Le voilà bien loin, Dieu merci, ce temps où les droits de la pensée et de la plume étaient contestés chez nous à la femme ; ce temps où le préjugé le plus ridicule frappait la plus belle moitié du genre humain, comme on disait naguère, d’une apparente incapacité intellectuelle, et ne faisait grâce, par insigne faveur, qu’à quelques rares sujets hors ligne, traités sur le pied de véritables phénomènes. Et même encore avec quel tour dédaigneusement railleur parlait-on jadis de ces femmes exceptionnelles !

« On regarde une femme savante comme on fait une belle arme : elle est ciselée artistement, d’une polissure admirable et d’un travail fort recherché ; c’est une pièce de cabinet que l’on montre aux curieux, qui n’est pas d’usage, qui ne sert ni à la guerre ni à la chasse, non plus qu’un cheval de manège, quoique le mieux instruit du monde. »

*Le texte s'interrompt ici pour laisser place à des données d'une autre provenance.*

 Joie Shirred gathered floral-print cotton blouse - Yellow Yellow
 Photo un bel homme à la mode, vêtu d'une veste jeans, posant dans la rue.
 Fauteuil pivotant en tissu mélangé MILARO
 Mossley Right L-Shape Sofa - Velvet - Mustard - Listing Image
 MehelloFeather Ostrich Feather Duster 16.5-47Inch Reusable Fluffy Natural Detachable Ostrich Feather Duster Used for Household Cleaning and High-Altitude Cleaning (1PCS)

Il y a plus d’un siècle et demi que Labruyère écrivait cela, lui, le contemporain des Sévigné, des Lafayette, des Maintenon, des Grignan. Depuis, l’opinion a beaucoup changé. La femme a secoué la plus lourde partie de ce joug d’impuissance ignorante auquel l’asservissaient nos mœurs un peu barbares. Elle est rentrée dans le droit commun, elle s’est fait ouvrir de force la carrière de la pensée et en a parcouru tous les sentiers avec distinction, mais pas encore avec toutes les ressources d’individualité dont le temps et la civilisation plus avancée lui permettront insensiblement le libre usage.

Il est vraiment étrange que l’illustre moraliste, qui se piquait de donner des choses les plus subtiles explications, feigne de n’apercevoir pas le vrai motif de celle inertie despotiquement imposée.

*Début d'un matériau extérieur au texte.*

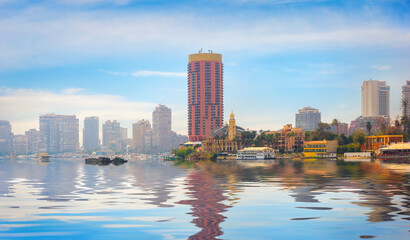 Fototapeta na wymiar Modern Cairo on Nile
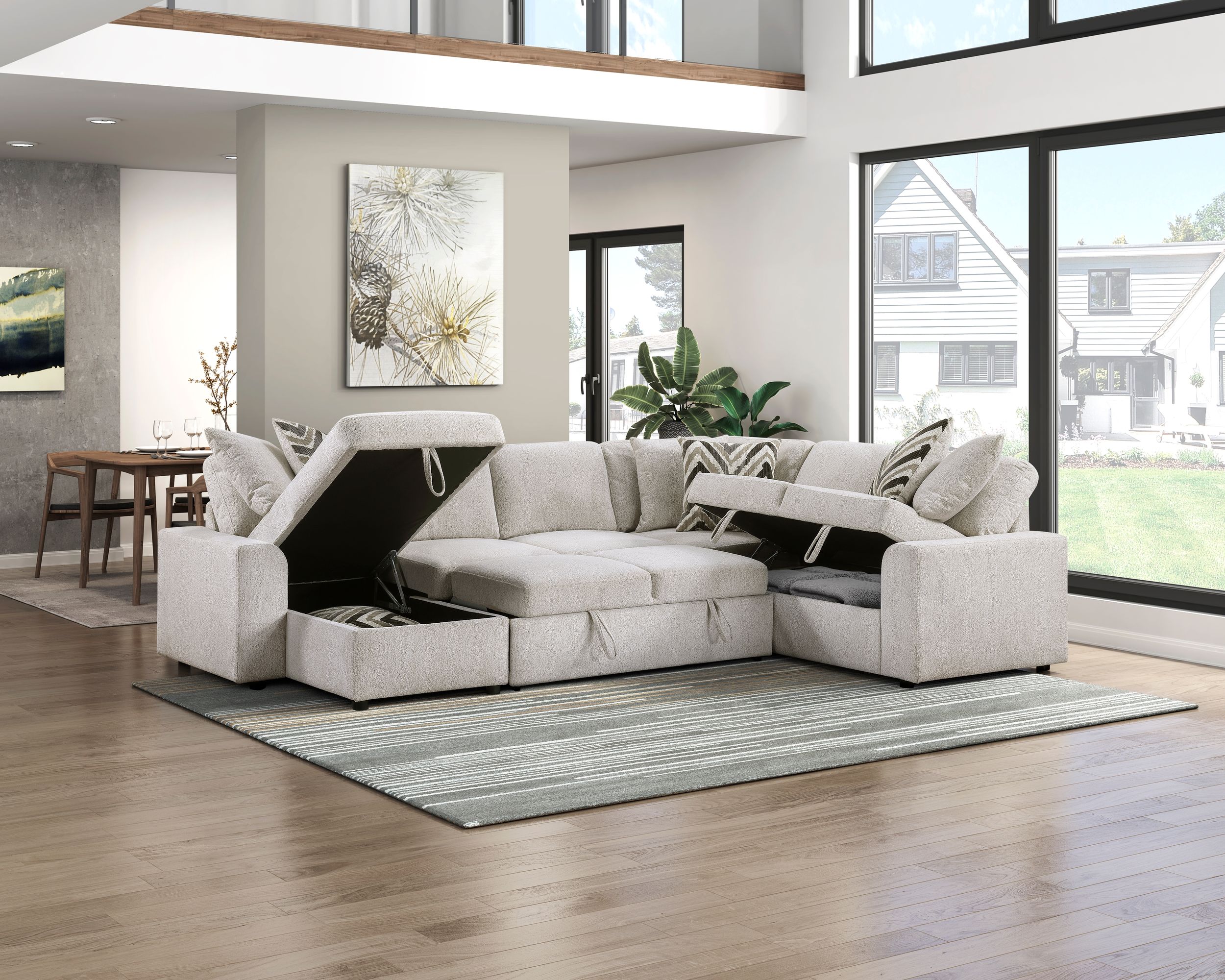 Myrtle U-Shape Chenille 3‑Piece Sectional with Pull‑out Bed & Hidden Storage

« Les femmes, dit-il, ne se sont-elles pas établies elles-mêmes dans cet usage de ne rien savoir, ou par la faiblesse de leur complexion, ou par la paresse de leur esprit, ou par le soin de leur beauté, ou par une certaine légèreté qui les empêche de suivre une longue élude, ou par le talent et le génie qu’elles ont seulement pour les ouvrages de la main, ou par les distractions que donnent les détails du domestique, ou par un éloignement naturel des choses pénibles et sérieuses, ou par une curiosité toute différente de celle qui contente l’esprit, ou par un tout autre goût que celui d’exercer leur mémoire ? Mais, ajoute-il après cette longue énumération de raisons spécieuses ingénieusement groupées pour déguiser la seule véritable, à quelque cause que les hommes puissent devoir cette ignorance des femmes, ils sont heureux que les femmes, qui les dominent d’ailleurs par tant d’endroits, aient sur eux cet avantage de moins. »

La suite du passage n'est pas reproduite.